Determine the files to load
The entire UniProt dataset is over 10 Terabytes uncompressed, and is growing rapidly. To save on time and cost, we only load the data that is relevant to our use case. Loading the complete UniProtKB will take around 74 hours, as the ingestion rate is around 6.6 GB per hour. The majority of loading cost is for the large DB writer instance. Using an r5.8xlarge, the cost is 6.46 USD per hour, so the cost of writing the entire UniProt dataset would be around 478 USD. For this example, we only load a single RDF file for Metazoa and the taxonomy and Gene Ontology files. This keeps our total loading time to under one hour, and the cost below 10 USD. These are the files to load: – taxonomy.rdf.gz – the taxonomy file – go.rdf.gz – the Gene Ontology file – uniprotkb_eukaryota_opisthokonta_metazoa_33208_0.rdf.gz – a single UniProtKB file for Metazoa
Execute the bulk load command
Now we have all the information needed to execute the bulk load command. In the following code, we define a function that: 1) Creates a json string of parameters required by the bulk loader command, 2) creates and sends an http request to the bulk loader endpoint, and 3) returns bulk load tracking IDs that will be used to track the loading process
We call this function for every file we wish to load. The entire loading process will take approximately 50 minutes. Times will vary depending on the region and the number and size of the datasets loaded.

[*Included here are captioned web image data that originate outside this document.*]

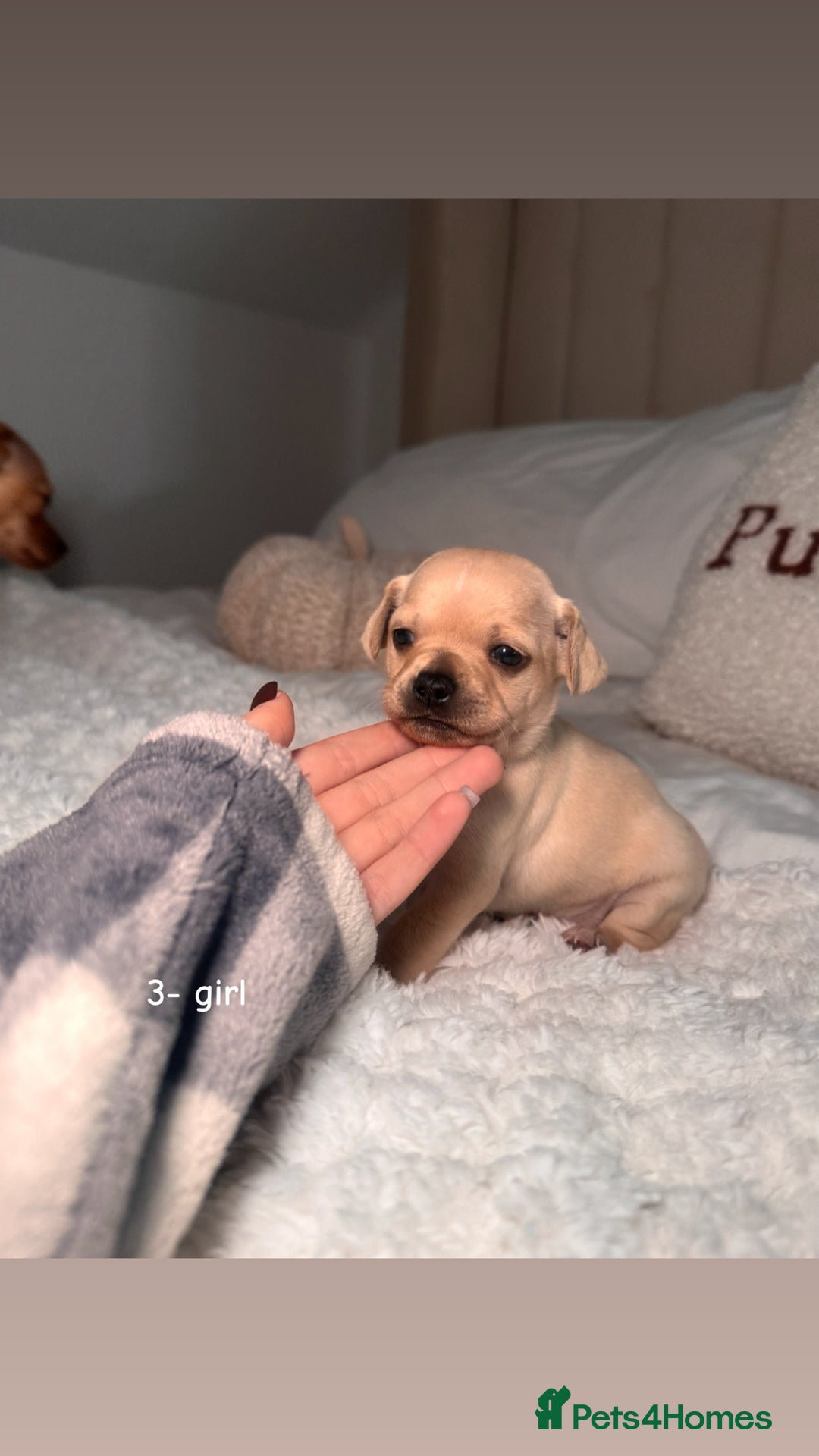 Chiweenie dogs for sale: chiweenie (dachshund x chihuahua) puppies - Image 11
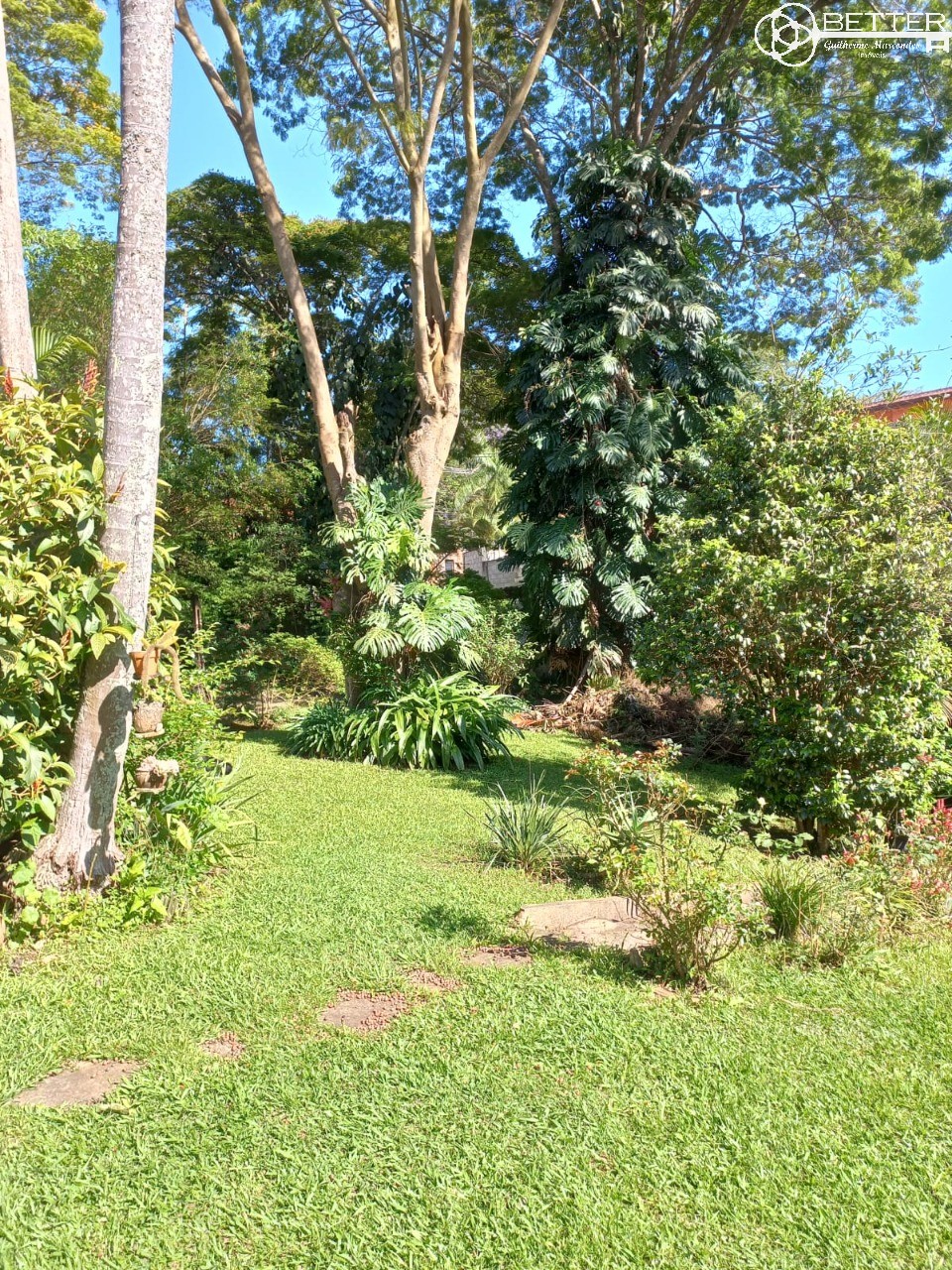 Casa, 4 quartos - Foto 3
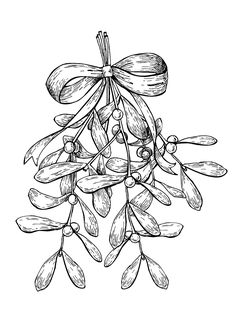 an ink drawing of a mist plant with leaves and buds on it's stems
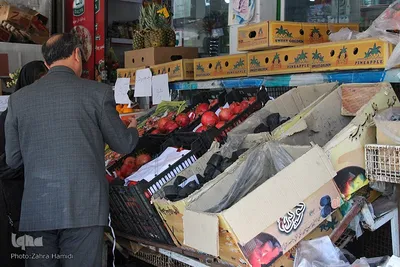 تکاپوی یلدایی شهر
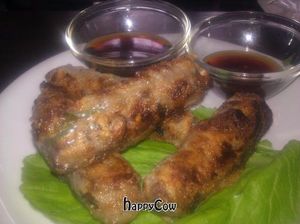 Vietnamese Spring Rolls at Chay Viet in Berlin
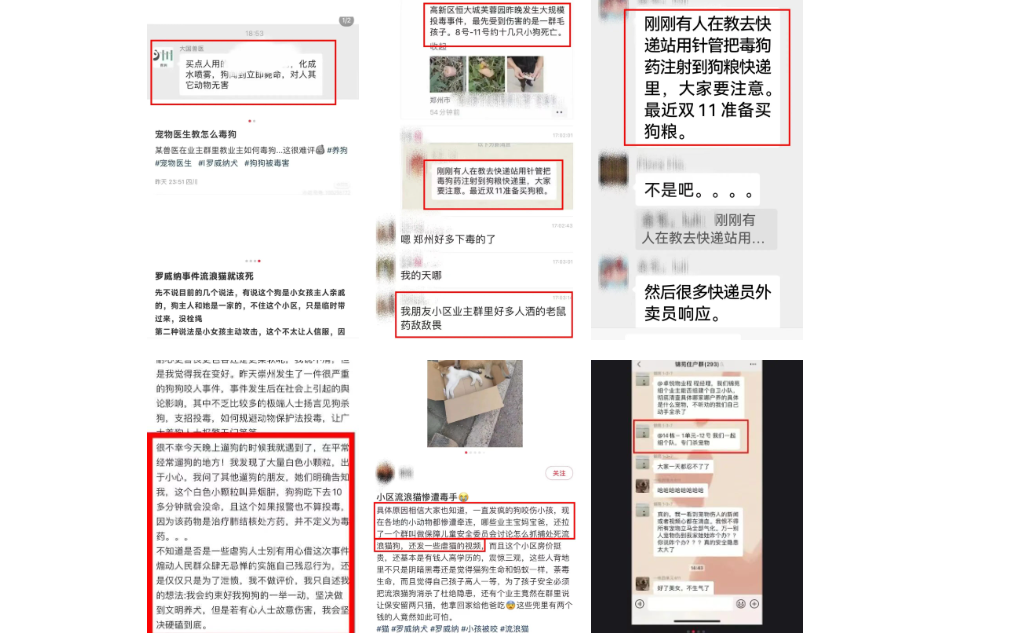 我为流浪狗发声!抵制大规模捕杀流浪狗! 我为流浪狗发声!抵制大规模捕杀流浪狗!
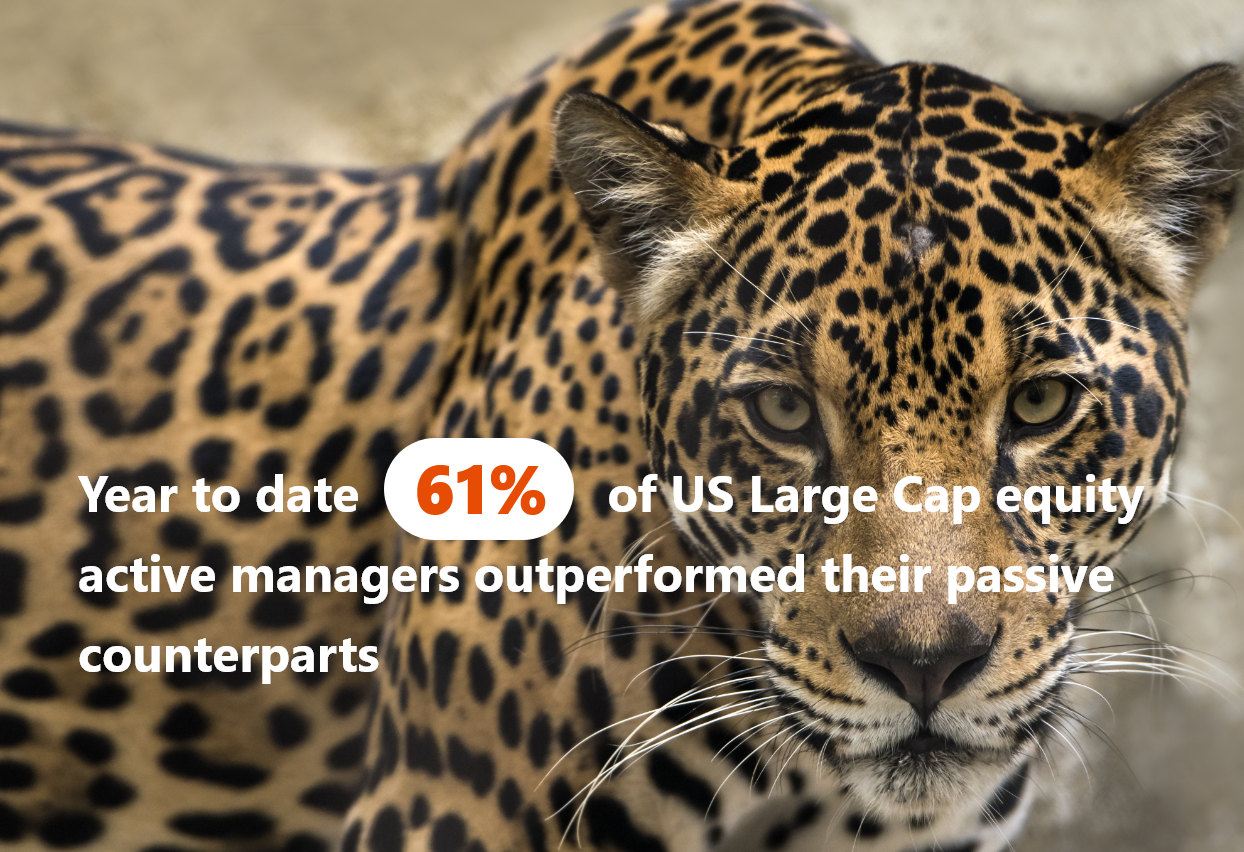 img 🤔 Is Passive still the default choice for investing in US large Cap equity funds ?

Loading can also be accomplished with the %load command within the workbench. The load command works well for smaller files, but for loading large files, it makes it difficult to monitor the load process as it locks the entire notebook.
Monitor loading
Graph data comes in triples, which is the relationship between two nodes via an edge. Here are some metrics we captured during our previous load of the above files.
File | File Size | Triples | Approximate Load Time in Seconds |
taxonomy.rdf.gz | 50.5MB | 15950018 | 100 |
go.rdf.gz | 3.3MB | 381392 | 10 |
uniprotkb_eukaryota_opisthokonta_metazoa_33208_0.rdf | 3.45GB | 3.44E+08 | 1900 |
Here is an estimation for a full load of all supporting files and UniProtKB data:
File Directory | Number of Files | Total File Size | Approximate Load Time |
supporting/* | 16 | 8.2 GB | 1.25 hours |
uniprot/* | 275 | 482 GB | 73 hours |
Loading can take some time, so it’s convenient to have a way to monitor the loading progress. The code below calls the Neptune endpoint with the load IDs we saved previously, and returns a status update on the bulk loading process for each file.
Downsize the Neptune instance
Once all the data is loaded, we no longer need a large writer instance, as we will mostly be reading from the database. It’s recommended that you resize the Neptune database to a smaller instance after you finish loading the files to save on running costs.
From the Neptune Console, go to Databases, choose the Neptune Writer, and click Modify.
Downsize Neptune step1
In the list of presented DB instance classes, select db.r5.large, the smallest instance available. Then click Continue.
Downsize Neptune step 2
On the next page, choose Apply immediately, and click the Modify DB Instance button.
Downsize Neptune step 3
Your Neptune DB instance is now cost optimized for querying. For more information, refer to the steps in the Neptune Developer Guide.
Querying the UniProtKB
Now that we have the loaded the UniProt data, we can query it with SPARQL, a query language for graph data in RDF format. Amazon Neptune is compatible with SPARQL 1.1. If you are used to standard SQL queries, working with SPARQL should be familiar to you. A SPARQL query contains: Prefixes to abbreviate URIs; dataset declaration to specify the graphs being queried; SELECT clause that determines which attributes to return; WHERE clause that specifies matching criteria; and query modifiers for ordering results.
If you are unfamiliar with SPARQL queries, see Writing Simple Queries or the full guide in the SPARQL 1.1 Query Language documentation.
Next, we do some example queries to show how SPARQL works with UniProtKB.
Example 1: Simple Query
Let’s start with a simple query. In this query, we will look within the taxonomy tree, to see if there are any subclass records under Homo Sapiens. Homo Sapiens are coded with a taxonomy id of 9606. Query the web URI and scientific name of the subclass records.
Example 1 results
The query returns two records, Homo Sapiens Neanderthalensis and Homo Sapiens Subsp. ‘Denisova’ , which are found under the taxonomy of Homo Sapiens. For taxonomy identifiers of other organisms, you may trace from the top node of cellular organisms.
Example 2: Query proteins and their related Gene Onotology (GO) code
Now, let’s find all the Homo Sapiens related proteins that have a Gene Ontology (GO) code. The Gene Ontology describes biological concepts with respect to molecular function, cellular components and biological processes. We will use the 9606 taxonomy code for “Homo Sapiens”. Instead of displaying the full IRI for each protein, use its mnemonic value. Since there are so many entries, we will also limit the query results to 10 rows.
Example 2 results
The query returns the proteins along with the respective GO IRI. Any proteins without a GO code will not be returned.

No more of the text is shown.